Sunday, September 21, 2008

Ozone Layer Preservation Day Marked

THE importation of electrical equipment with components that contain ozone-depleting substances will be banned from January 1, 2010, the Deputy Director of the National Ozone Unit of the Environmental Protection Agency (EPA), Mr Emmanuel Osae Quansah, has stated.
He said the measure formed part of the government’s effort at combating the depletion of the ozone layer and the effects of climate change, since most of those ozone-depleting substances contributed to global warming.
Mr Quansah, who was speaking at this year’s United Nations International Day for the Preservation of the Ozone Layer, organised by the Free World Foundation (FWF) in Accra last Tuesday, further noted that the measure was also to help phase out ozone depleting substances like chlorofluorocarbons (CFCs) and hydrochlorofluorocarbons (HCFCs) common in products such as refrigerators to hydrocarbon substances which were safer.
To ensure that, he said the EPA had signed a contract with 53 workshops in the country to convert CFC-based domestic refrigeration systems to hydrocarbon systems, adding that almost up to 1,150 refrigeration units had been converted so far since training began two weeks ago.
As an incentive, he stated that every unit converted by the workshops attracted an extra $7 for work done because that helped the country a great deal in reducing its dependency on CFCs.
According to him, the country reported to the Multilateral Fund Secretariat in Canada and the United Nations Environmental Programme, Ozone Section, in Nairobi, Kenya, on its annual consumption of ozone-depleting substances to avoid sanctions or punitive measures under the Montreal Protocol on substances that depleted the ozone layer.
The UN Secretary-General, Mr Ban Ki-moon, in an address given on his behalf by the Assistant Resident Representative of the UN Development Programme (UNDP), Dr Stephen Duah Yentumi, said safeguarding the planet had often been seen as a luxury and a burden on economic recovery and development.
He said in phasing out CFCs and HCFCs, the Montreal Protocol had provided two benefits at once and expressed the hope that governments would look critically at those results and feel empowered to act across a wide range of environmental challenges, and not only in prosperous times.
The UN Secretary-General urged governments to fully explore the natural synergies that could occur among various multilateral environmental agreements to create tomorrow's "green economy" today.

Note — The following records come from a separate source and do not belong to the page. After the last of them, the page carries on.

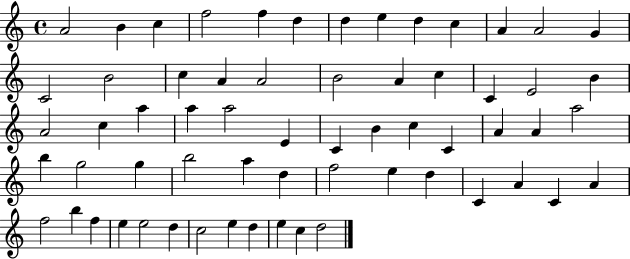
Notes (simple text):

A4/h B4/q C5/q F5/h F5/q D5/q D5/q E5/q D5/q C5/q A4/q A4/h G4/q C4/h B4/h C5/q A4/q A4/h B4/h A4/q C5/q C4/q E4/h B4/q A4/h C5/q A5/q A5/q A5/h E4/q C4/q B4/q C5/q C4/q A4/q A4/q A5/h B5/q G5/h G5/q B5/h A5/q D5/q F5/h E5/q D5/q C4/q A4/q C4/q A4/q F5/h B5/q F5/q E5/q E5/h D5/q C5/h E5/q D5/q E5/q C5/q D5/h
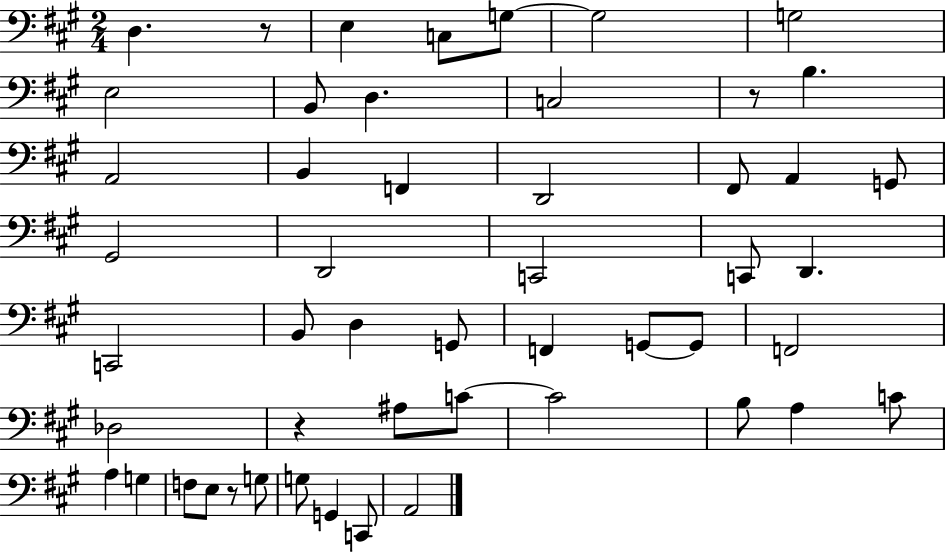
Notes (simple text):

D3/q. R/e E3/q C3/e G3/e G3/h G3/h E3/h B2/e D3/q. C3/h R/e B3/q. A2/h B2/q F2/q D2/h F#2/e A2/q G2/e G#2/h D2/h C2/h C2/e D2/q. C2/h B2/e D3/q G2/e F2/q G2/e G2/e F2/h Db3/h R/q A#3/e C4/e C4/h B3/e A3/q C4/e A3/q G3/q F3/e E3/e R/e G3/e G3/e G2/q C2/e A2/h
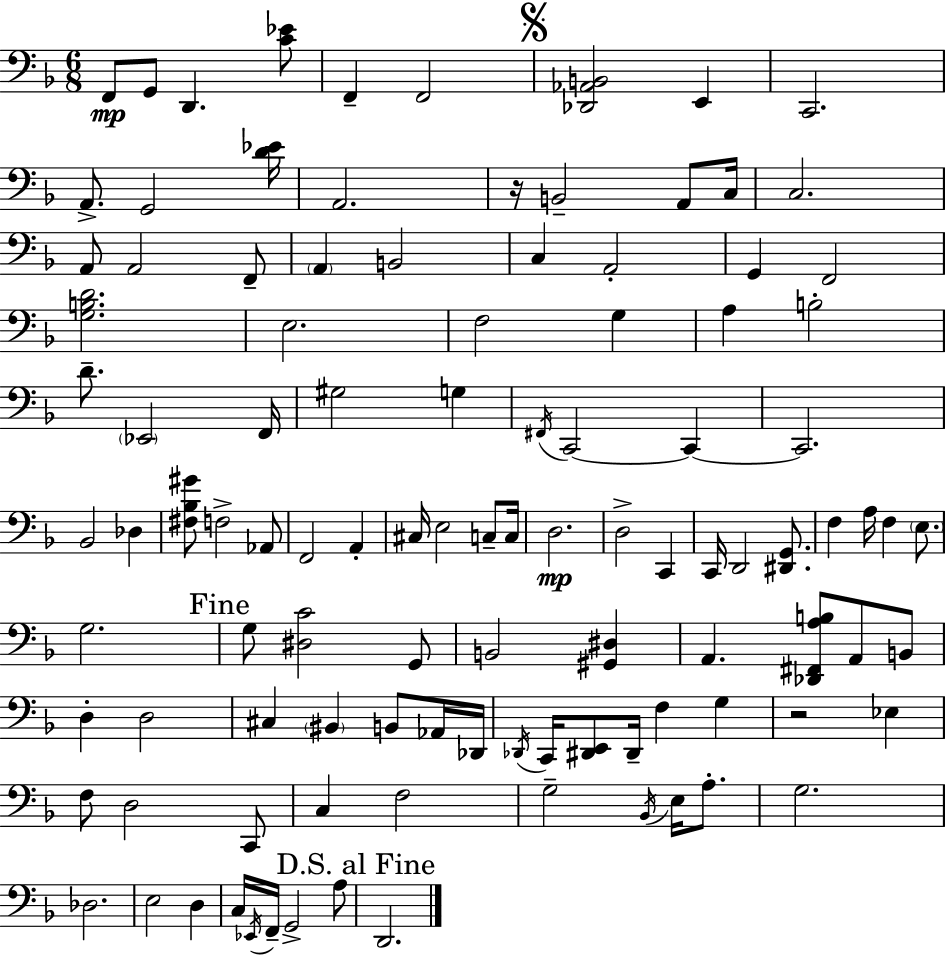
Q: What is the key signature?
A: D minor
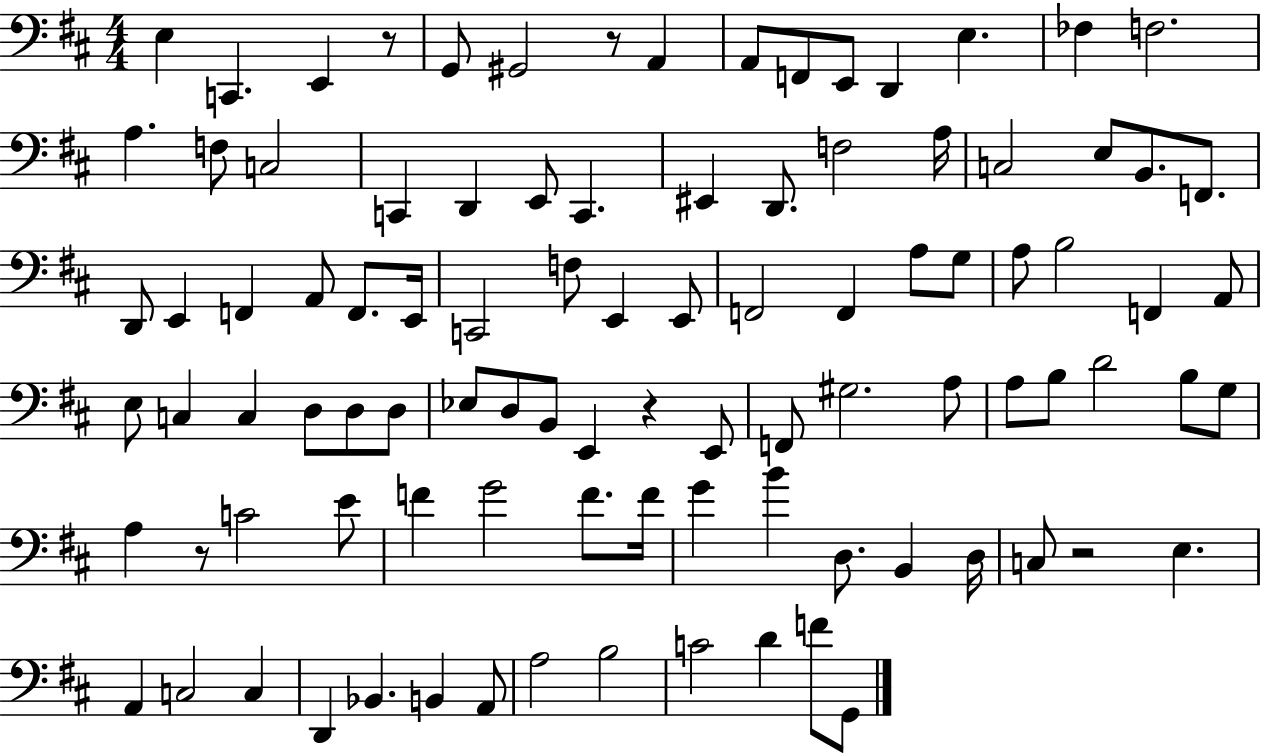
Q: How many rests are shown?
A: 5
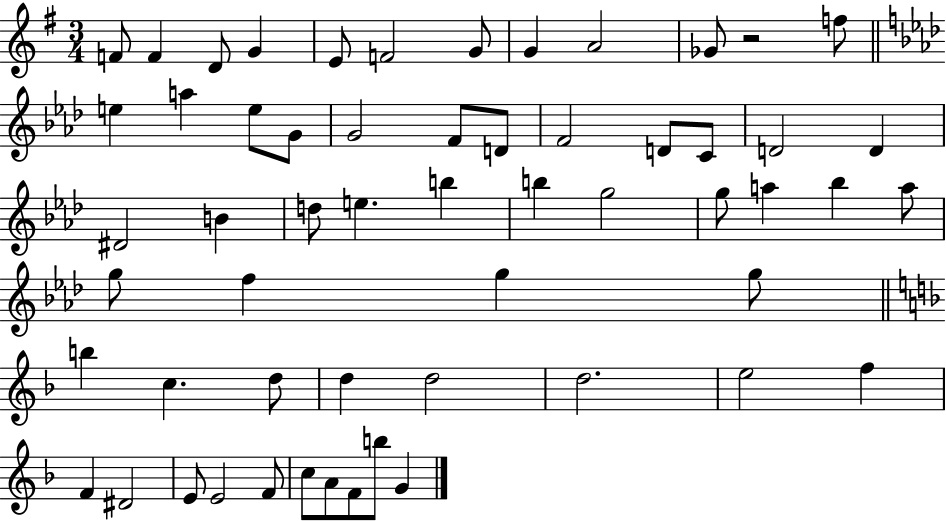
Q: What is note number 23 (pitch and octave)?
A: D4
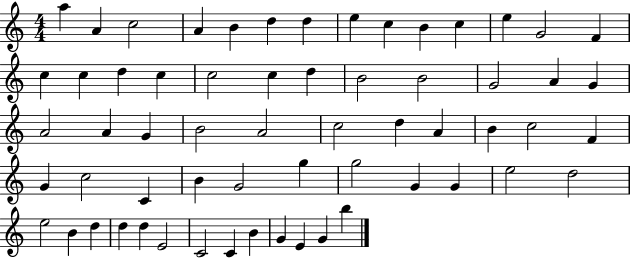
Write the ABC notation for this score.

X:1
T:Untitled
M:4/4
L:1/4
K:C
a A c2 A B d d e c B c e G2 F c c d c c2 c d B2 B2 G2 A G A2 A G B2 A2 c2 d A B c2 F G c2 C B G2 g g2 G G e2 d2 e2 B d d d E2 C2 C B G E G b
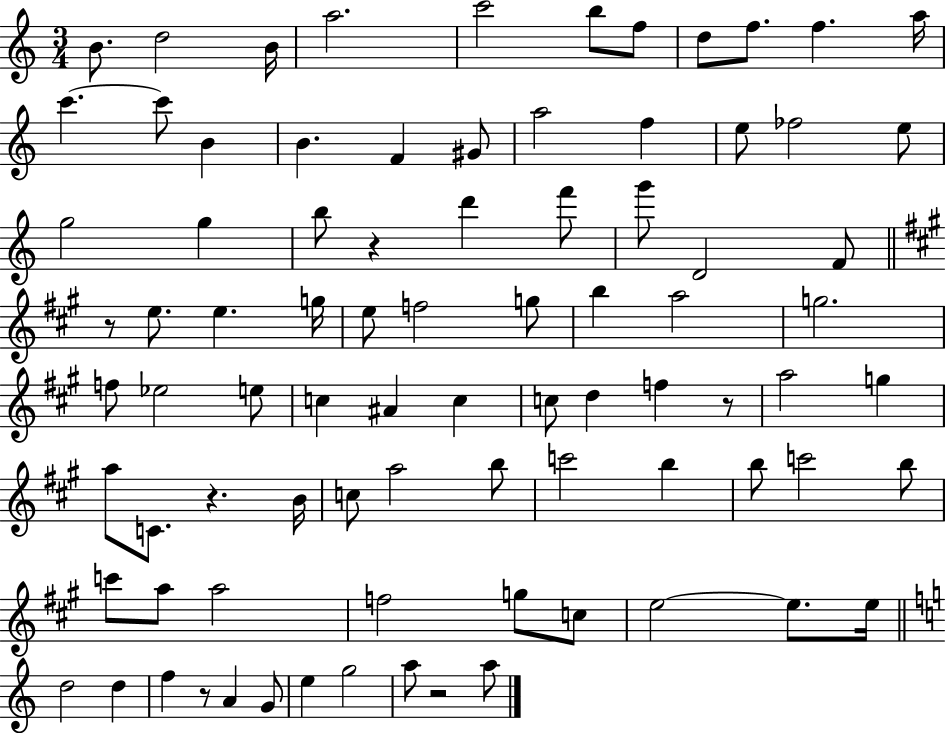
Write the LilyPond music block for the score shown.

{
  \clef treble
  \numericTimeSignature
  \time 3/4
  \key c \major
  b'8. d''2 b'16 | a''2. | c'''2 b''8 f''8 | d''8 f''8. f''4. a''16 | \break c'''4.~~ c'''8 b'4 | b'4. f'4 gis'8 | a''2 f''4 | e''8 fes''2 e''8 | \break g''2 g''4 | b''8 r4 d'''4 f'''8 | g'''8 d'2 f'8 | \bar "||" \break \key a \major r8 e''8. e''4. g''16 | e''8 f''2 g''8 | b''4 a''2 | g''2. | \break f''8 ees''2 e''8 | c''4 ais'4 c''4 | c''8 d''4 f''4 r8 | a''2 g''4 | \break a''8 c'8. r4. b'16 | c''8 a''2 b''8 | c'''2 b''4 | b''8 c'''2 b''8 | \break c'''8 a''8 a''2 | f''2 g''8 c''8 | e''2~~ e''8. e''16 | \bar "||" \break \key c \major d''2 d''4 | f''4 r8 a'4 g'8 | e''4 g''2 | a''8 r2 a''8 | \break \bar "|."
}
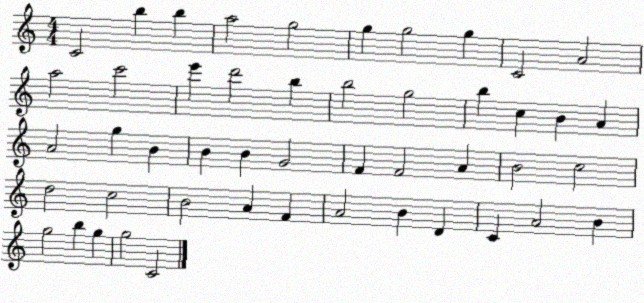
X:1
T:Untitled
M:4/4
L:1/4
K:C
C2 b b a2 g2 g g2 g C2 A2 a2 c'2 e' d'2 b b2 g2 b c B A A2 g B B B G2 F F2 A B2 c2 d2 c2 B2 A F A2 B D C A2 B g2 b g g2 C2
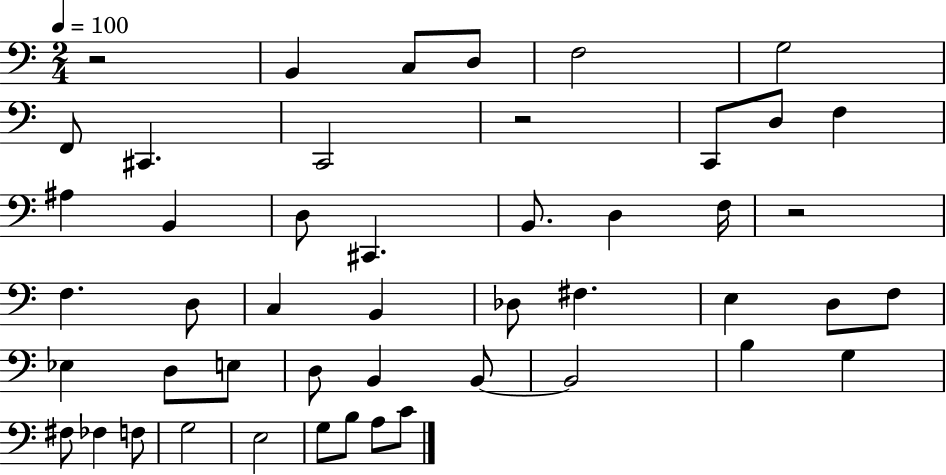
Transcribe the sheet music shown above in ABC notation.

X:1
T:Untitled
M:2/4
L:1/4
K:C
z2 B,, C,/2 D,/2 F,2 G,2 F,,/2 ^C,, C,,2 z2 C,,/2 D,/2 F, ^A, B,, D,/2 ^C,, B,,/2 D, F,/4 z2 F, D,/2 C, B,, _D,/2 ^F, E, D,/2 F,/2 _E, D,/2 E,/2 D,/2 B,, B,,/2 B,,2 B, G, ^F,/2 _F, F,/2 G,2 E,2 G,/2 B,/2 A,/2 C/2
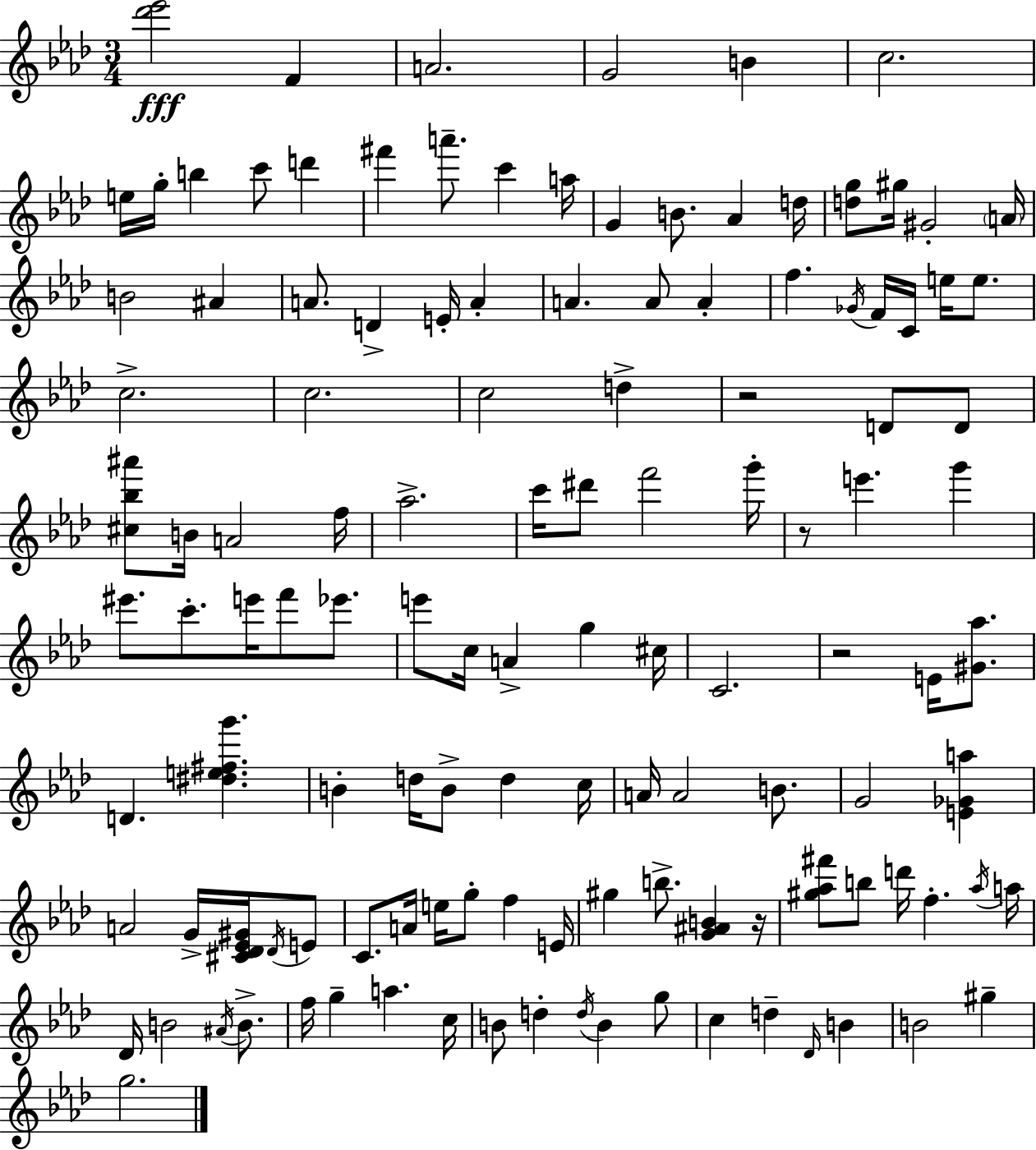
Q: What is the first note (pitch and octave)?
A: F4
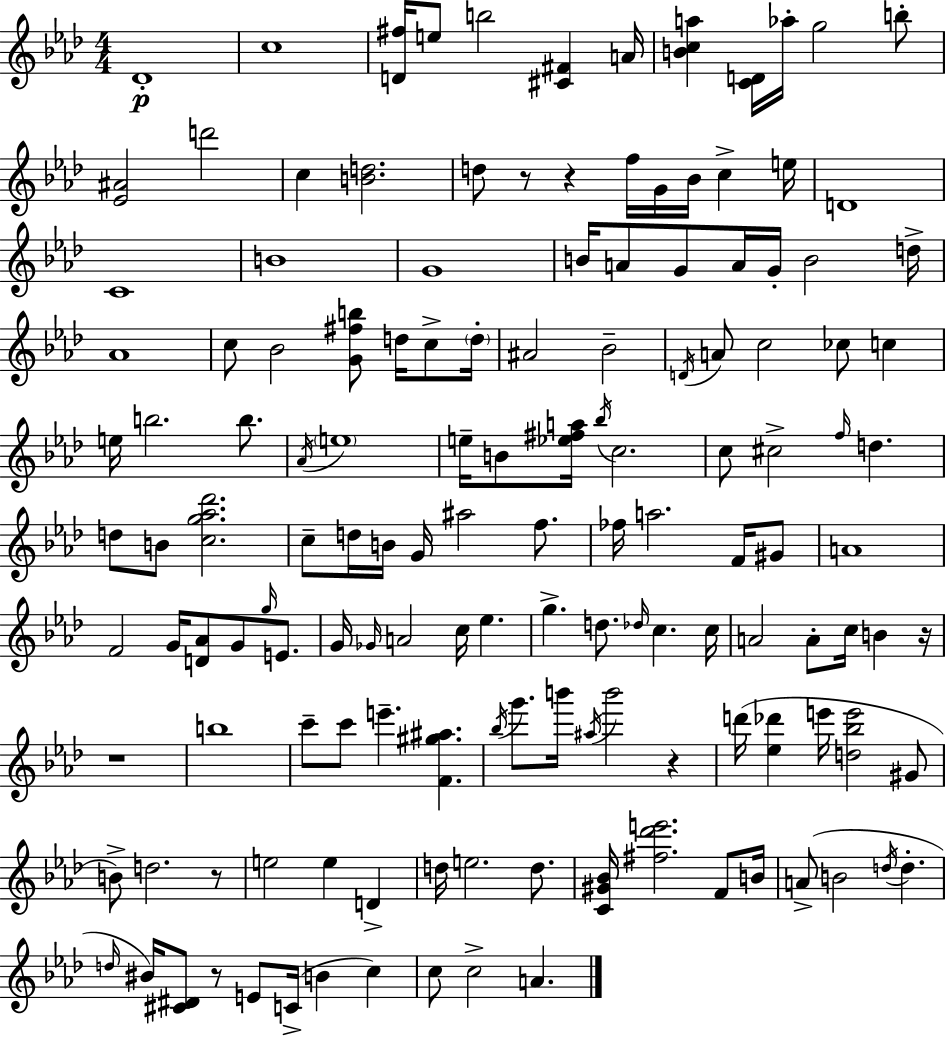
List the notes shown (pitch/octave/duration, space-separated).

Db4/w C5/w [D4,F#5]/s E5/e B5/h [C#4,F#4]/q A4/s [B4,C5,A5]/q [C4,D4]/s Ab5/s G5/h B5/e [Eb4,A#4]/h D6/h C5/q [B4,D5]/h. D5/e R/e R/q F5/s G4/s Bb4/s C5/q E5/s D4/w C4/w B4/w G4/w B4/s A4/e G4/e A4/s G4/s B4/h D5/s Ab4/w C5/e Bb4/h [G4,F#5,B5]/e D5/s C5/e D5/s A#4/h Bb4/h D4/s A4/e C5/h CES5/e C5/q E5/s B5/h. B5/e. Ab4/s E5/w E5/s B4/e [Eb5,F#5,A5]/s Bb5/s C5/h. C5/e C#5/h F5/s D5/q. D5/e B4/e [C5,G5,Ab5,Db6]/h. C5/e D5/s B4/s G4/s A#5/h F5/e. FES5/s A5/h. F4/s G#4/e A4/w F4/h G4/s [D4,Ab4]/e G4/e G5/s E4/e. G4/s Gb4/s A4/h C5/s Eb5/q. G5/q. D5/e. Db5/s C5/q. C5/s A4/h A4/e C5/s B4/q R/s R/w B5/w C6/e C6/e E6/q. [F4,G#5,A#5]/q. Bb5/s G6/e. B6/s A#5/s B6/h R/q D6/s [Eb5,Db6]/q E6/s [D5,Bb5,E6]/h G#4/e B4/e D5/h. R/e E5/h E5/q D4/q D5/s E5/h. D5/e. [C4,G#4,Bb4]/s [F#5,Db6,E6]/h. F4/e B4/s A4/e B4/h D5/s D5/q. D5/s BIS4/s [C#4,D#4]/e R/e E4/e C4/s B4/q C5/q C5/e C5/h A4/q.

He said the goal of world leaders and governments, when they gathered for the crucial meeting on the UN Framework Convention on Climate Change in Copenhagen, Denmark, next year, must be a decisive new agreement that set the world on track to stabilise greenhouse gas concentrations in the atmosphere.
Mr Ban said such agreements would not only represent progress on one of the greatest challenges in the history of mankind but was also likely to help tackle urban air pollution, deforestation, the loss of biodiversity and other dangers after decades of chemical attack.
The Executive Director of the FWF, Mr Rashid Anyetei Odoi, said his organisation believed that the harmful effects of the ozone layer depletion on humans were too devastating to be ignored and, therefore, expressed his appreciation to the Global Environmental Facility (GEF) Small Grants Programme for collaborating with it to create the platform for discussions on how best to preserve the ozone layer.